- [INSTRUCTIONS TO FOLLOW]
Write every line of the following listing exactly as it reads.

- [DATA BLOCK]
::::

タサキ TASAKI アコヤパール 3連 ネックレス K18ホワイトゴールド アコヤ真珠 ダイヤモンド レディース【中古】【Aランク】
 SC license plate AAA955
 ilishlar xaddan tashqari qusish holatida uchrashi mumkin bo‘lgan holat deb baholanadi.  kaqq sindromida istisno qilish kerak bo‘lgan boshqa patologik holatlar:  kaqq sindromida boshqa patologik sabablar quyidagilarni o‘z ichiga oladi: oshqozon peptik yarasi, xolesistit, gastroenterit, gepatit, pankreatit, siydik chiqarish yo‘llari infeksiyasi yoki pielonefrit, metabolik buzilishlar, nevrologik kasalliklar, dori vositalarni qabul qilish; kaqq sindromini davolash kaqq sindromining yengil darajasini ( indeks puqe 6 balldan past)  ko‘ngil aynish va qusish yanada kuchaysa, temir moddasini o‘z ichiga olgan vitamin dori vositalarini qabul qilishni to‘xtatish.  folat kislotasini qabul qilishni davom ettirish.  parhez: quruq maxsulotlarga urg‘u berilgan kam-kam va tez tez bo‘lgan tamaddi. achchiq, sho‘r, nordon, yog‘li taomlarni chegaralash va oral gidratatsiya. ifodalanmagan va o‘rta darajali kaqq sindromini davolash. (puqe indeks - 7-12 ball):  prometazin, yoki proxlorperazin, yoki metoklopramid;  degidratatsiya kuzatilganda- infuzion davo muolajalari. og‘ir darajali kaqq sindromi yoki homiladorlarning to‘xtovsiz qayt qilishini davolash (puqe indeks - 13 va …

::::

- [FINISHED EXERCISE]
タサキ TASAKI アコヤパール 3連 ネックレス K18ホワイトゴールド アコヤ真珠 ダイヤモンド レディース【中古】【Aランク】
 SC license plate AAA955
 ilishlar xaddan tashqari qusish holatida uchrashi mumkin bo‘lgan holat deb baholanadi.  kaqq sindromida istisno qilish kerak bo‘lgan boshqa patologik holatlar:  kaqq sindromida boshqa patologik sabablar quyidagilarni o‘z ichiga oladi: oshqozon peptik yarasi, xolesistit, gastroenterit, gepatit, pankreatit, siydik chiqarish yo‘llari infeksiyasi yoki pielonefrit, metabolik buzilishlar, nevrologik kasalliklar, dori vositalarni qabul qilish; kaqq sindromini davolash kaqq sindromining yengil darajasini ( indeks puqe 6 balldan past)  ko‘ngil aynish va qusish yanada kuchaysa, temir moddasini o‘z ichiga olgan vitamin dori vositalarini qabul qilishni to‘xtatish.  folat kislotasini qabul qilishni davom ettirish.  parhez: quruq maxsulotlarga urg‘u berilgan kam-kam va tez tez bo‘lgan tamaddi. achchiq, sho‘r, nordon, yog‘li taomlarni chegaralash va oral gidratatsiya. ifodalanmagan va o‘rta darajali kaqq sindromini davolash. (puqe indeks - 7-12 ball):  prometazin, yoki proxlorperazin, yoki metoklopramid;  degidratatsiya kuzatilganda- infuzion davo muolajalari. og‘ir darajali kaqq sindromi yoki homiladorlarning to‘xtovsiz qayt qilishini davolash (puqe indeks - 13 va …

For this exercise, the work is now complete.